11101010001100 · 2025-02-03T01:23:51 1738545831

It's categorically more than a weakness.

pama · 2025-02-03T02:10:18 1738548618

No it is not an actual question on this exam. From the paper: “To ensure question quality and integrity, we enforce strict submission criteria. Questions should be precise, unambiguous, solvable, and non-searchable, ensuring models cannot rely on memorization or simple retrieval methods. All submissions must be original work or non-trivial syntheses of published information, though contributions from unpublished research are acceptable.
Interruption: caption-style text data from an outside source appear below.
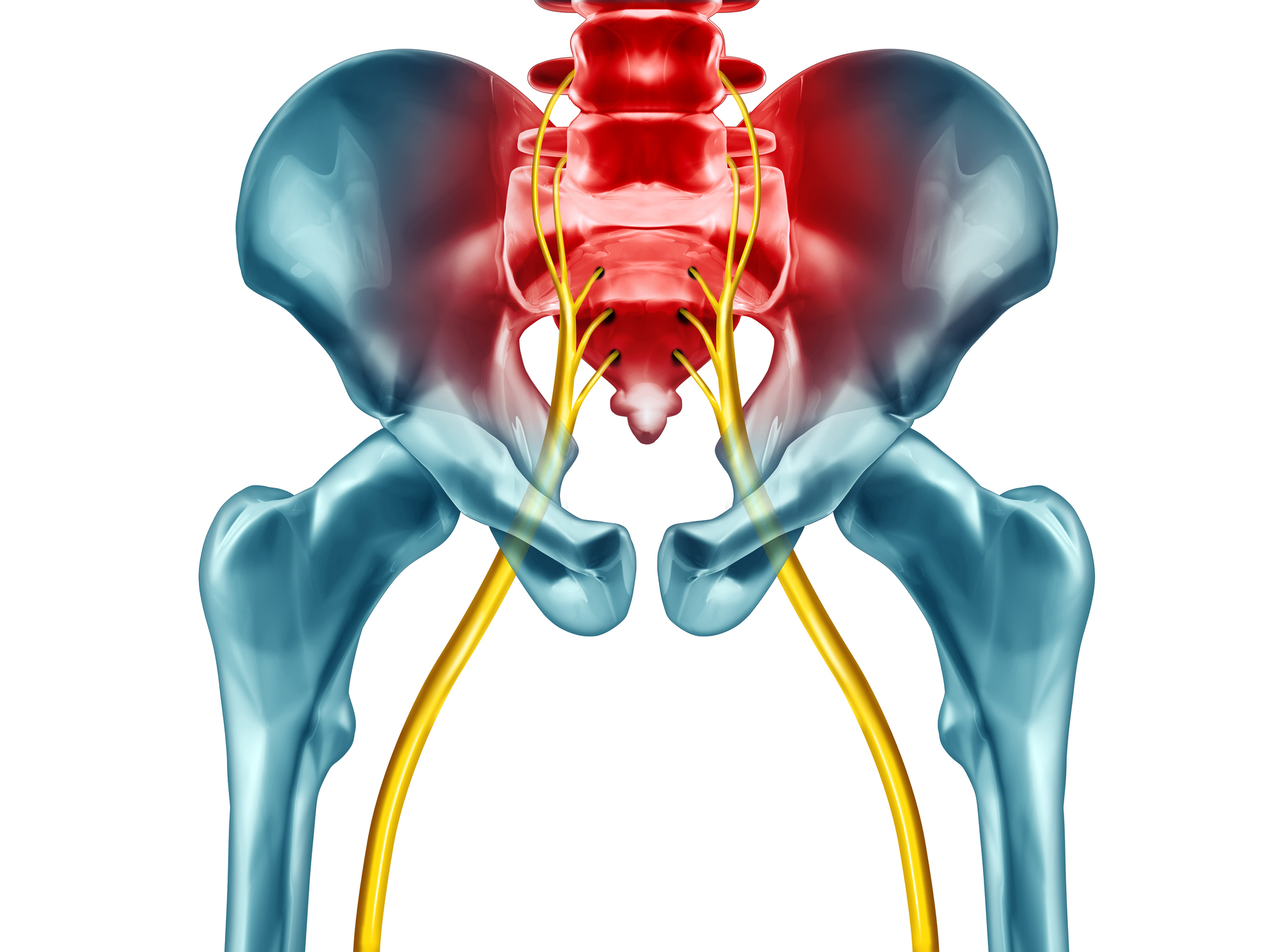 Read more about the article Sciatic Nerve Pain Relief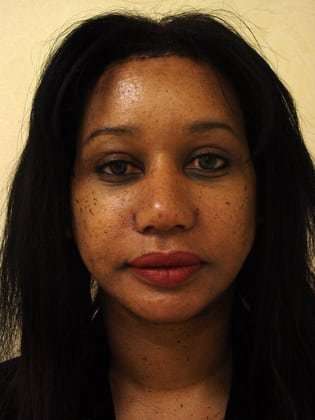 Brow Lift Before & After Patient #431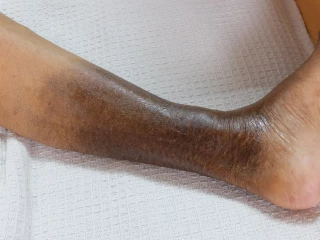 chronic venous insufficiency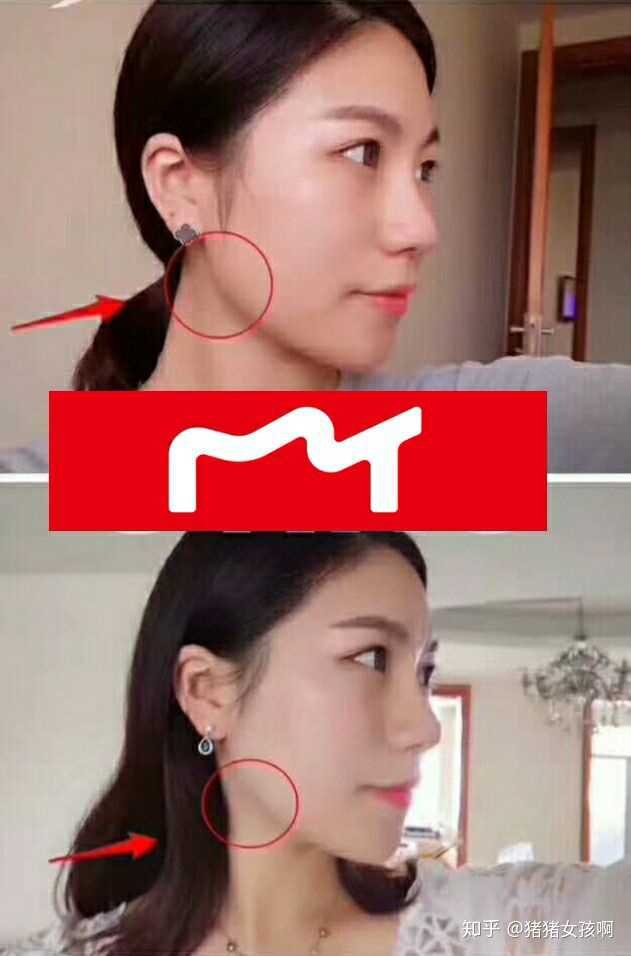 按摩咬肌多久才有效果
Questions typically require graduate-level expertise or test knowledge of highly specific topics (e.g., precise historical details, trivia, local customs) and have specific, unambiguous answers…”. (Emphasis mine)

neynt · 2025-02-03T03:03:30 1738551810

It's example #7 on https://lastexam.ai/

pama · 2025-02-03T15:13:35 1738595615

This is an example of the submitted questions. Because it is possible to search it on the web, it is not an example of the accepted questions.

freehorse · 2025-02-03T08:47:52 1738572472

I am selling a bridge, it is a great bargain.

roenxi · 2025-02-03T01:00:24 1738544424

Maybe. Not enough data to say. Say it does a days worth of work in a query. It is sensible to use if it takes less than a day to review ~5 days worth of work. I don't know if we're near that threshold yet but conceptually this would work well for actual research where the amount of preparation is large compared to the amount of output written.

And eyeballing the benchmarks, it'll probably reach a >50% rate per query by the end of the year. Seems to double every model or two.

dyauspitr · 2025-02-03T03:28:34 1738553314

On questions even specialists in that field can’t answer correctly.

throwaway123lol · 2025-02-03T15:12:20 1738595540

Yeah it can be more iterative. Just use individual queries and build on it yourself. This is all this is doing. It's a trick, and OpenAI is a PR hype company at this stage.

spyckie2 · 2025-02-03T00:59:07 1738544347

I mean you want it to grill your steak and eat it for you too?

I mean I too can complain that my iPhone doesn’t automatically screen out spammers and send my mom flowers on Mother’s Day.

scarab92 · 2025-02-03T01:13:25 1738545205

Why doesn't the iPhone screen spammers yet? Pixel has had this feature for a decade.

senordevnyc · 2025-02-03T08:07:54 1738570074

Pixel hasn’t even been around for a decade.

scarab92 · 2025-02-03T10:31:15 1738578675

The Pixel branding is 12 years old, and IIRC this feature also existed in Nexus before that.

senordevnyc · 2025-02-03T16:35:50 1738600550

Haha, are you referring to the Chromebook Pixel? How is that relevant to stopping spam calls?

Pixel phone launched in 2016.

random_cynic · 2025-02-03T02:30:47 1738549847

The difference is that it takes few minutes to an hour at most so it can be run multiple times a day, using the results of previous runs to further refine the search and reasoning process to get better outcomes. Pretty much how any human research works but much faster and with potentially vastly more world-knowledge and reasoning capability than average humans. And these capabilities will rapidly improve with further RL.